My first reaction is, “How lazy ARE these people?” I mean, opening a door with a keycard swipe takes, what – two seconds?
As for vending machines, is reaching into your pocket for a few coins or a bill really that much of a bother? The only advantage I see is if you only have one of those old, crumpled bills that the machine keeps spitting back at you … maybe then a microchip in your hand would be useful. Then again, it might make buying that candy bar or soda so easy that you end up eating a lot of that stuff day in and day out, then you could get fat and die.
There’s always a tradeoff.
The company expects that at least 50 employees will volunteer for the chip. Personally, I wouldn’t trade my privacy for a few perceived conveniences.
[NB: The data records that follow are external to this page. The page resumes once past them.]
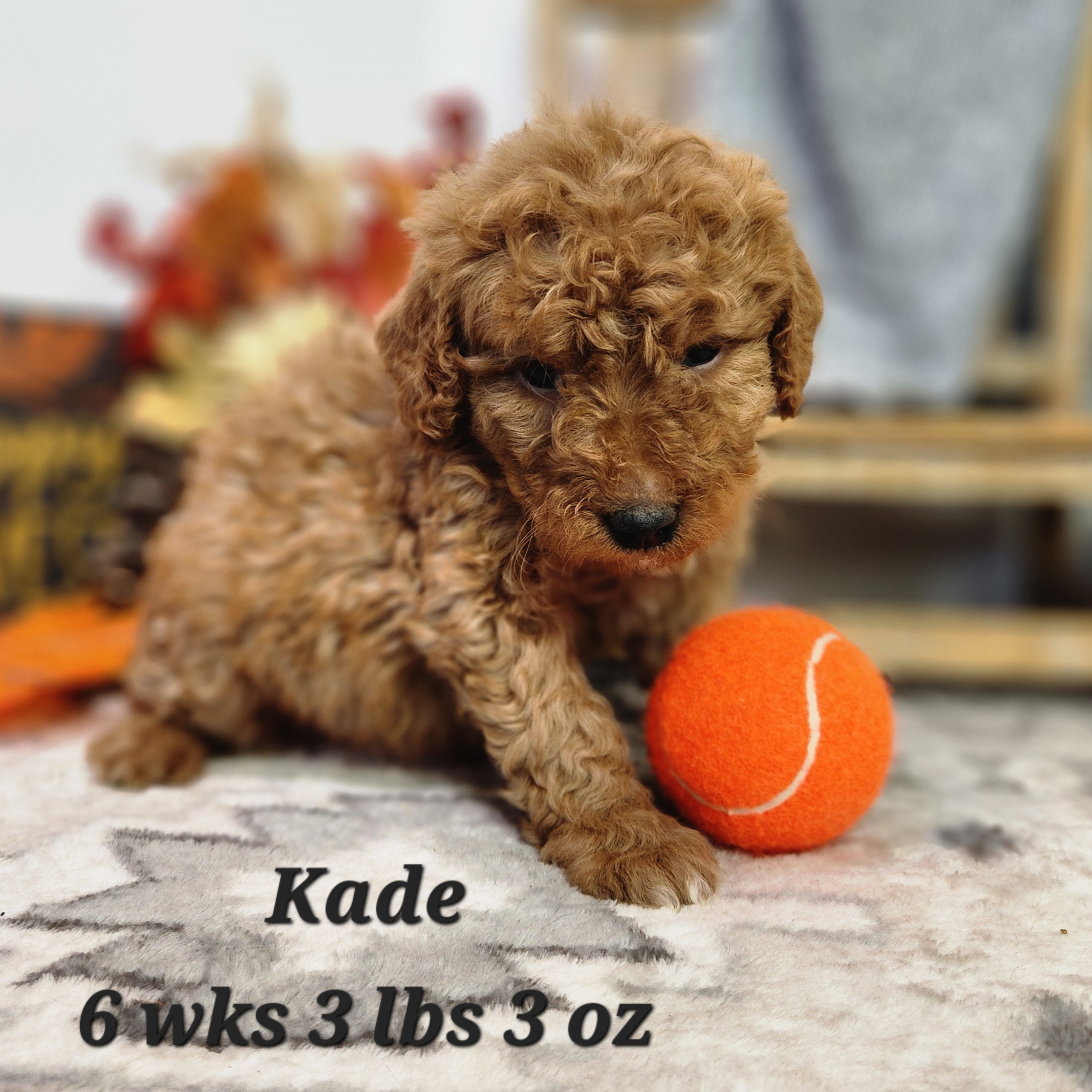 Birthdate: 09/12/2024<br />
8 weeks old: 11/07/2024<br />
Delivery: 11/09/2024<br />
Mom is a 28 lb F1 Goldendoodle<br />
Dad is a 12 lb Mini Poodle<br />
Est. Adult Weight 15 - 22 lbs<br />
$1200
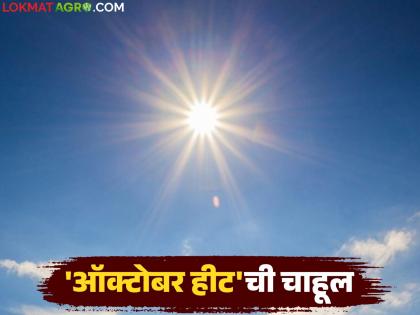 latest news Maharashtra Weather Update: Monsoon on the way back; Read the details of the 'October heat' in the state | Maharashtra Weather Update : मान्सून परतीच्या वाटेवर; राज्यात 'ऑक्टोबर हीट'चा चटका वाचा सविस्तर latest news Maharashtra Weather Update: Monsoon on the way back; Read the details of the 'October heat' in the state | Maharashtra Weather Update : मान्सून परतीच्या वाटेवर; राज्यात 'ऑक्टोबर हीट'चा चटका वाचा सविस्तर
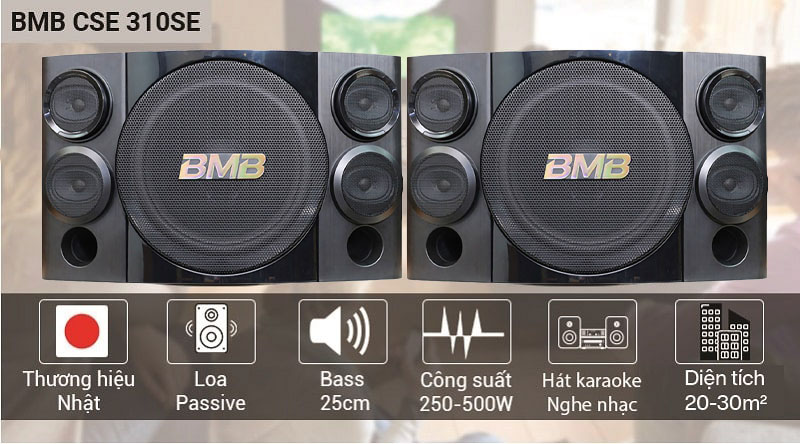 bmb-cse310se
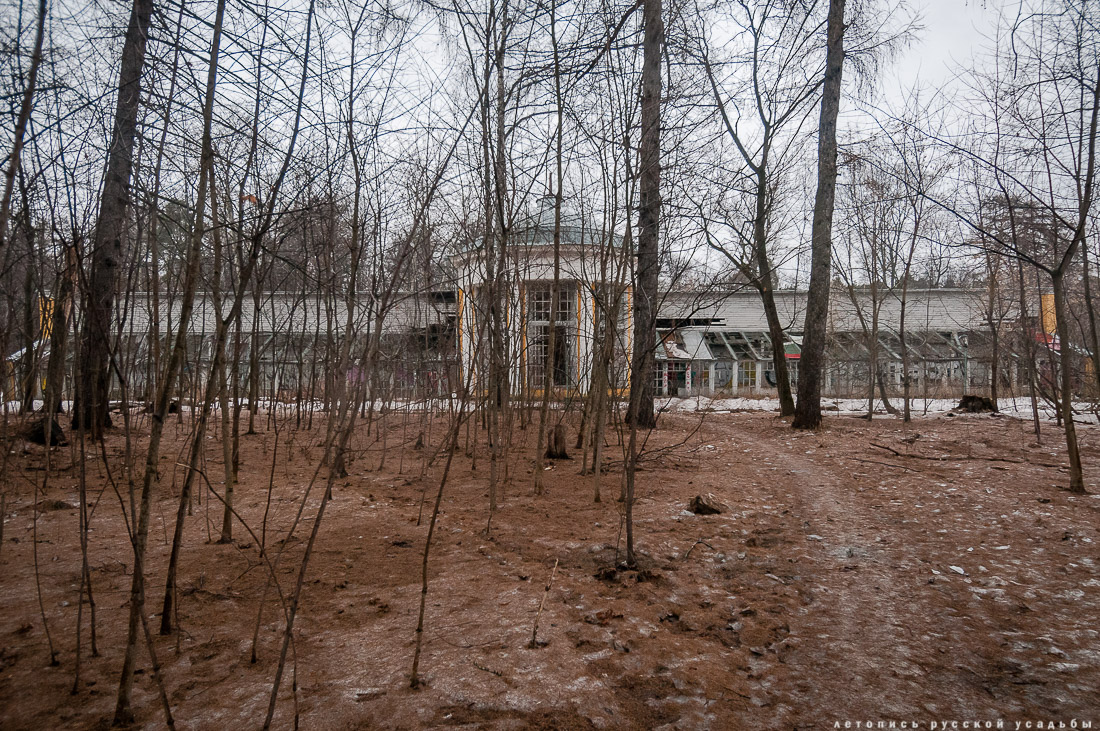 Усадьба Покровское-Стрешнево, интерьеры главного дома, пожар в оранжерее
The company, I’m sure, is telling employees they won’t use the chip to monitor them. Then again, Hitler said he wasn’t going to invade Poland, and every kid on the planet swears he won’t ruin his appetite before dinner. So, I can totally envision a company control room where they track the employees and what they’re doing: “Hmm. Heller’s been in the bathroom 8.7 minutes longer than the time allotted for performing bathroom functions. He’s clearly either sleeping or playing Words with Friends on his phone. Alert the dogs!”
It could happen.
I would also hate someone knowing how often I screw up the copy machine at work (answer: a lot) or knowing whether I snuck out the back door a few minutes early on a warm, sunny day. (We don’t get many of those in Michigan – you gotta take advantage.)
I seldom think the slippery slope argument is a good or valid one. But I do think that the second we allow ourselves to be implanted with a microchip for some supposedly innocuous reason, things are only going to go downhill from there.
Say you want to order a pizza. Do you really want a microchip warning sent to your brain saying, “Don’t eat that! Have some nice kale, instead”?
Or, say I decide to binge-watch “Game of Thrones” on Saturday instead of mowing the lawn. Do I really want the lovely, yet formidable Marcia checking her “What’s Andy Up To?” app to see what I’m doing and then sending me a text saying, “Get moving, buster”?
I most certainly do not. If it ever came to that, I’d dig the chip out of me with my teeth, if necessary.
Microchips would also be the end of a teenager’s social life. Try parking with your sweetie when mom and dad can track your whereabouts and your heart rate from their smartphones.
The point here is that we’ll miss privacy once it’s gone. We should protect it aggressively.
Call me paranoid, but the only chip I want implanted in me is a potato chip.